HealthBench-1k: Benchmark for Health LLMs

Updated 25 July 2025

HealthBench-1k is a rigorously constructed benchmark designed for evaluating LLM safety and performance in high-stakes, multi-turn clinical conversations.
It leverages detailed, physician-authored rubrics assessing accuracy, completeness, context awareness, and communication quality across diverse medical scenarios.
Performance metrics highlight significant gaps in current LLMs, offering actionable insights for reinforcement learning and cost-quality optimization in health AI.

HealthBench-1k is a rigorously constructed benchmark for assessing the safety, accuracy, and behavioral competence of LLMs in open-ended, clinically impactful health conversations. It represents a 1,000-example subset of the larger HealthBench framework that specifically targets cases deemed challenging for current generative models in realistic medical and health settings. HealthBench-1k enables multi-dimensional evaluation across a broad spectrum of subdomains and use cases, emphasizing high-stakes, conversational reasoning where there are often no single correct answers.

1. Structure and Scope

HealthBench-1k consists of 1,000 multi-turn health conversations, each involving either a layperson or healthcare professional interacting with an LLM. The conversations are paired with detailed rubrics, totaling many thousands of evaluation criteria spanning a variety of clinical and public health contexts. Prominent categories include emergency triage, transforming clinical data, global health considerations, handling missing or ambiguous context, adapting communication to audience expertise, correctly summarizing and synthesizing patient records, and managing uncertainty.

Each example contains:

Mean of 2.6 conversational turns
Average character length per conversation around 667 characters
Between 2 and 48 rubric criteria per example, capturing multiple behavioral and clinical dimensions

The conversations and associated rubrics are derived from real-world and simulated health scenarios, intentionally covering cases that challenge the limits of current LLM capability, both in factual knowledge and reasoning under uncertainty.

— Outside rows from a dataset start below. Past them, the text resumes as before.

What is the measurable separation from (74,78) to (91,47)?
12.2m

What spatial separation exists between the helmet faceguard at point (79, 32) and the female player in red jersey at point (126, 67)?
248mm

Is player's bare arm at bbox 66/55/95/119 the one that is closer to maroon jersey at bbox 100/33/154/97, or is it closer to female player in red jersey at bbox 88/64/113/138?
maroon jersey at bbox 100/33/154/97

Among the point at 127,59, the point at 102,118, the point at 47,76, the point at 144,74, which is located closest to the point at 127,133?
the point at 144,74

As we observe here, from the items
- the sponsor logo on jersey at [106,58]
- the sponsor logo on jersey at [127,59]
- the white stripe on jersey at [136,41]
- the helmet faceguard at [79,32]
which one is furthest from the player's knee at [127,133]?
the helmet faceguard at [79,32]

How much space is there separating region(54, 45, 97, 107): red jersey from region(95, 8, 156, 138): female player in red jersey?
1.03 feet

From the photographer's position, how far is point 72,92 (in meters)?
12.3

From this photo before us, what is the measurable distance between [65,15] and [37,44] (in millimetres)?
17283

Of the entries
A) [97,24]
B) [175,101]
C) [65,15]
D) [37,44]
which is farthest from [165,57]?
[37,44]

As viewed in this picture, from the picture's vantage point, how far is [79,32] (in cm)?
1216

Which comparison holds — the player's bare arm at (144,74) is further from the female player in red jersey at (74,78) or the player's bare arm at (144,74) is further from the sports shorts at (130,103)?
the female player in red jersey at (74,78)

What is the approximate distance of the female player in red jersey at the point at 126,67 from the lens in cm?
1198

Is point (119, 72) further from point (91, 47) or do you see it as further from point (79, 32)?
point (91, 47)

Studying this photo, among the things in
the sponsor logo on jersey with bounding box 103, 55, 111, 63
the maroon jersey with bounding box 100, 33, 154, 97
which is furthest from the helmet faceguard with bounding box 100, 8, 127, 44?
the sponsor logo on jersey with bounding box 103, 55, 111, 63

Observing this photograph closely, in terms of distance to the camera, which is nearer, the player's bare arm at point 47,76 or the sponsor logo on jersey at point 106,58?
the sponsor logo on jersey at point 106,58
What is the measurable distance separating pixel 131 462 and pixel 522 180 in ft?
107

2. Rubric-Based Evaluation Framework

A central feature of HealthBench-1k is its use of conversation-specific, structured rubrics. These rubrics were authored by a panel of 262 physicians representing 60 countries and encode 48,562 unique assessment criteria across the whole HealthBench dataset. Each criterion is assigned a weight (from –10 to 10), and judgments are rendered by automated LLM-based grading.

Key behavioral axes explicitly labeled in the rubric structure include:

Accuracy
Completeness
Context Awareness
Communication Quality
Instruction Following

The individual per-example score is computed as:

$s_i = \frac{\sum_j 1_{\{r_{ij}\}} \cdot p_{ij}}{\sum_j \max(0, p_{ij})}$

where $1_{\{r_{ij}\}}$ indicates satisfaction of criterion $j$ for example $i$ and $p_{ij}$ is its point value.

A subset of the rubrics, known as consensus criteria, comprises 34 items validated by physician agreement and is used in the HealthBench Consensus variant for cross-model and longitudinal comparison.

3. Performance Metrics and Findings

Aggregate and per-dimension model performance is quantified by normalizing per-example scores and computing means (clippped to [0,1]), as well as analyzing worst-case reliability through worst-at-k aggregation (i.e., minimum score among a batch of $k$ samples).

Historical performance shows notable improvement: GPT-3.5 Turbo scored 16%, GPT-4o about 32%, and the recent o3 model achieved 60%. On the HealthBench-1k "hard" subset, even state-of-the-art models topped out at 32%, showing substantial headroom. Also, smaller models such as GPT-4.1 nano have closed performance gaps while yielding a 25-fold reduction in inference cost compared to larger models, underscoring the progress in cost-quality optimization.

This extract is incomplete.